We've been seeing some flakiness around node promotion demotion, so this writeup of how it works, along with some possible issues.

Node promotion

When a node is promoted, the desired state of the node is set to manager in the control api.

The roleManager (github.com/docker/swarmkit/manager/role_manager.go) is a service running on the leader which watches for updates to nodes, and reconciles the desired role with the observed role. When it has gotten an update about a promotion, it just automatically updates the a node's observed role to manager, if the node's desired or observed roles or the node's existence at all hasn't already changed in the meantime.

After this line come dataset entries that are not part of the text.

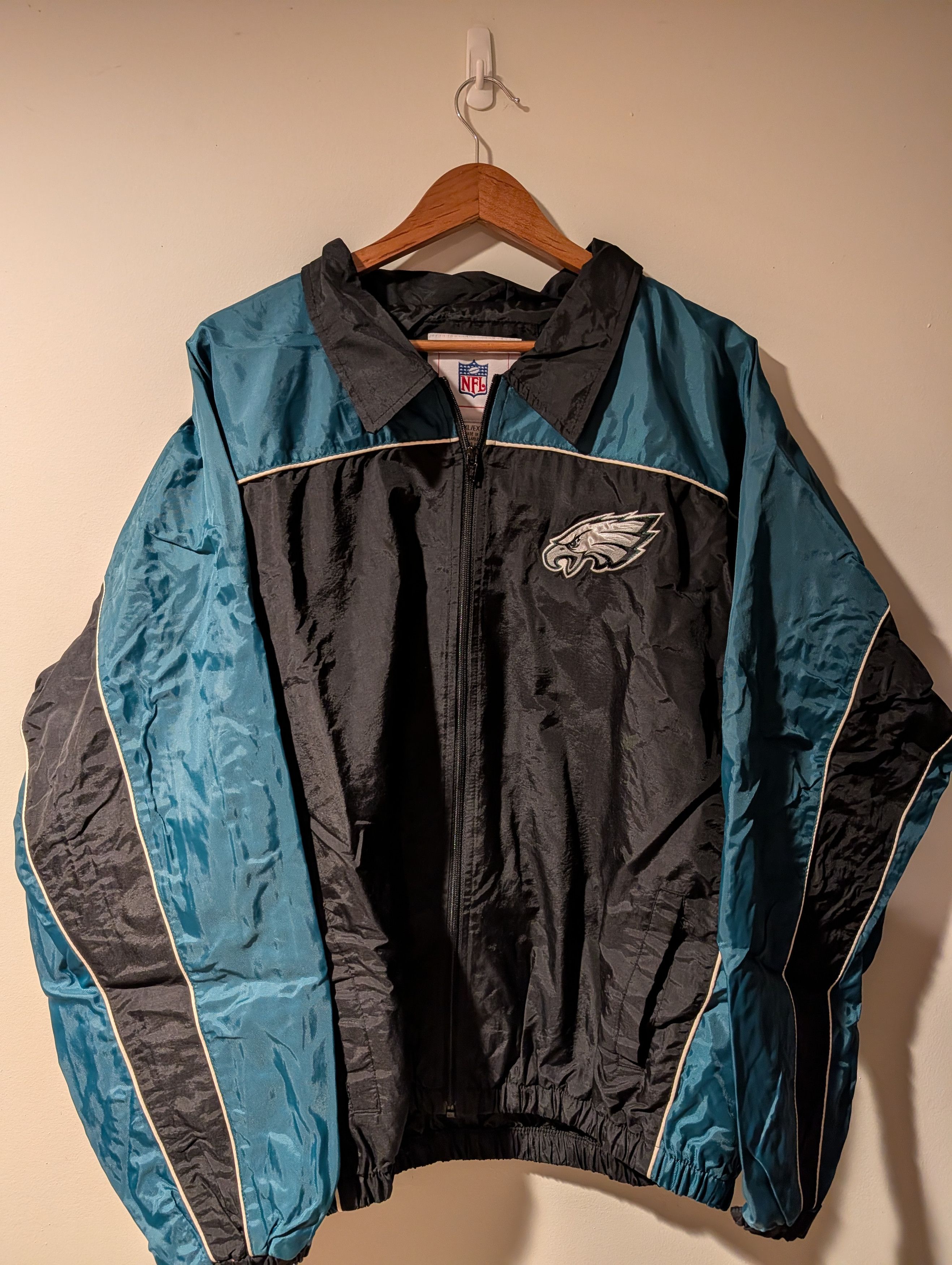 NFL Vintage Philadelphia Eagles Windbreaker Jacket Full Zip Mens Size US XL / EU 56 / 4 - 3 Thumbnail
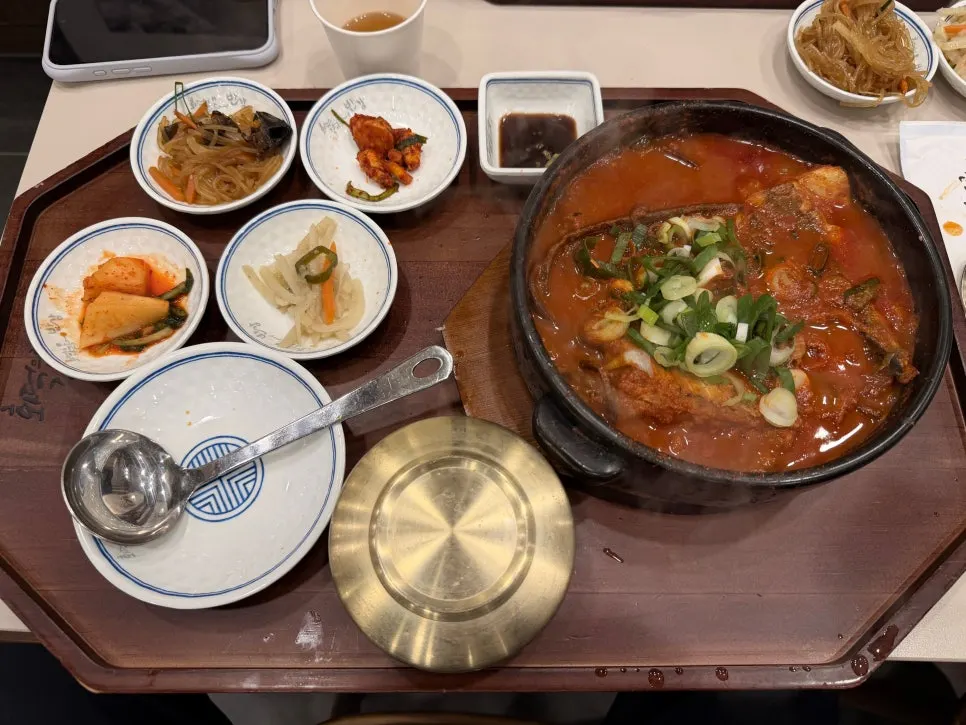 Braised mackerel with bracken set in a large hot pot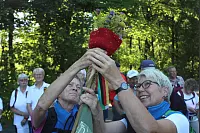 Am zweiten Tag ging es für die 17-köpfige Wandergruppe von Bad Driburg nach Kleineberg (Lichtenau). - © Niklas Böhmer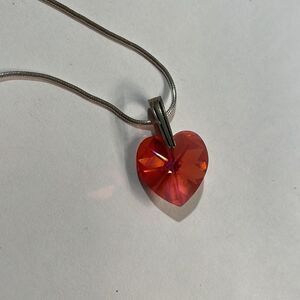 Pink heart necklace iridescent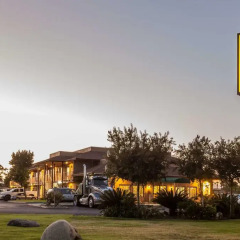 Отель Super 8 by Wyndham Lindsay Olive Tree парковка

However, the raft membership isn't updated yet. The node is added to the raft cluster membership when it makes a call to another manager node's raft API (which gets forwarded to the leader) and requests to join. The leader will:

observe the new node's IP address
attempt to contact it back, otherwise not bother adding it to raft
generate a raft ID for it, one that is guaranteed to be unique
send a conf change to all the other nodes adding the new raft member
send the confirmation back to the original joining node, with the raft ID

We don't want to pre-add the raft node to the cluster, because:

we may not know the originating IP
there may be a configuration issue that will prevent it from being able to join, and automatically adding it may break quorum if so
we need to make sure that the raft ID has never been used before

Node demotion

When a node is demoted, before we allow a demotion we do a couple sanity checks:

the last manager of the cluster cannot be demoted
we won't demote a node that's not in the raft memberlist
we won't demote if doing so would cause a loss of quorum

The roleManager, when it gets an update about a demotion, will attempt to reconcile the role in the following manner:

if it's not a member of the raft cluster, or was successfully removed, the node is updated to reflect "worker" as the observed role
if it's a member of the raft cluster, we do not remove immediately if doing so would break quorum
if the leader is being demoted, it attempts to transfer leadership so the new leader can apply the conf change

Node removal

When a node is removed, we do some sanity checks before we remove it:

if its desired role is a manager, and it's a member of the raft cluster, we require that it be demoted before removal. If it's not a member of the raft cluster, we allow removal
if the node is down, we refuse to remove it unless the force flag is supplied

Once a node is removed, its node ID is added to a list of blacklisted certs - no node with this ID will be allowed to connect with another manager again (we have a custom GRPC authorizer that checks to see if the node ID is in the blacklist). If the cluster has a stored certificate for this node, an expiry date is added so that the list of blacklisted certs can be cleaned up after the last valid cert for the node expires. It's a blacklist rather than a whitelist because if a blacklist fails to propagate in time, a node will, for a time, be able to connect to a cluster when it shouldn't. If the whitelist fails to propagate in time, a node won't be able to connect when it should, and this could destabilize the cluster.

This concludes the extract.